In watching the red carpet event preceding the premiere of The Hobbit last night, I was struck by how different personalities seemed to work on the red carpet live event.
The red carpet is a place for extroverts. As an example, during their first interviews Jimmy Nesbitt and Martin Freeman seemed a little grudging (Martin still had his sunglasses on during the first interview, and while I gather that it was a hot sunny day, it’s just a little off-putting not to be able to see a celebrity’s face especially if that’s what you’re there to see) and their remarks sounded almost forced, like they were searching their memories for nice things to say. But two hours later, both of them were transformed. Jimmy warmly praised everything about Wellington, and his remarks seemed to flow from his heart. Martin was jubilant, almost like he was surfing on a wave of the crowd’s love.
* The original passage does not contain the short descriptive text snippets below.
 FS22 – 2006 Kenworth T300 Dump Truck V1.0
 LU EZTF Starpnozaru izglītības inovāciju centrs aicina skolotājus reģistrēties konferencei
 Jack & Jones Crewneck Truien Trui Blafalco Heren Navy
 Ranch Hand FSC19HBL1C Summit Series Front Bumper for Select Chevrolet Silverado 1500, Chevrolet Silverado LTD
The best “surfer” by far was Andy Serkis, who (probably because he knew what was coming) arrived cheerful and happy and escalated into unrestrained glee. He ran down the red carpet high-fiving members of the crowd who’d stuck their palms out for him to slap. He cheerfully honored a request to “do” Gollum, and came at the TV camera like he was going to eat Wellington whole. He must have a rock star’s appetite for attention, thriving on other people’s notice and goodwill.
And there was plenty of goodwill to go around. The crowd was huge and happy and generally seemed well-behaved. Most people had these big placemat sized sheets (at a distance, they looked a little like Thror’s Map, all aged yellow and bordered in sepia ink) that the stars could sign as they passed by. Maybe that’s what usually happens at premieres, but I don’t know because this is the first red carpet event I’ve ever seen.
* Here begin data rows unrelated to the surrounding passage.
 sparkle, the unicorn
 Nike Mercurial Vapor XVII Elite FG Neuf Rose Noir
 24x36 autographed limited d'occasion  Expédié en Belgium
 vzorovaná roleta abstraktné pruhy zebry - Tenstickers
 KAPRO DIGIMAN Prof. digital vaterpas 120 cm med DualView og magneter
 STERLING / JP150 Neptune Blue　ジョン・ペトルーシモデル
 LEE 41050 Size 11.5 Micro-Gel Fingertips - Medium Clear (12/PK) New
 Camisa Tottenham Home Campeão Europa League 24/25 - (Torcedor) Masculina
But for introverts, I think the red carpet must be more like a gauntlet than a festival of love. In contrast to their more extroverted colleagues, Richard Armitage and Graham McTavish seemed happier and zingier at their very first interviews. Not that they weren’t pleasant, friendly, funny and unfailingly polite in all the interviews I saw them give—it is very hard for me to put into words why I thought they enjoyed themselves more the first time around.
Since I think of myself as something of an introvert, I tried to imagine what my feelings would have been in that situation. The first thing I did was to wish I were an extrovert. Wouldn’t it be nice to relax and bask in all that attention, to just go with the flow of that overwhelming tide? Instead, I would probably feel that I had to meet that outpouring of emotion, counter it, control it, and give back in equal measure. That would be exhausting. Nobody can generate that much energy inside themselves.
Of course, that’s probably the wrong way to go about it—the red carpet can’t be a place for civilized give-and-take. It’s all about riding the emotion.
Well, it was fun to watch and seemed to go off without a hitch. Now I’m waiting to hear about the movie…Not that it would make any difference in terms of increasing my desire to see it multiple times. I couldn’t possibly want to watch this movie more.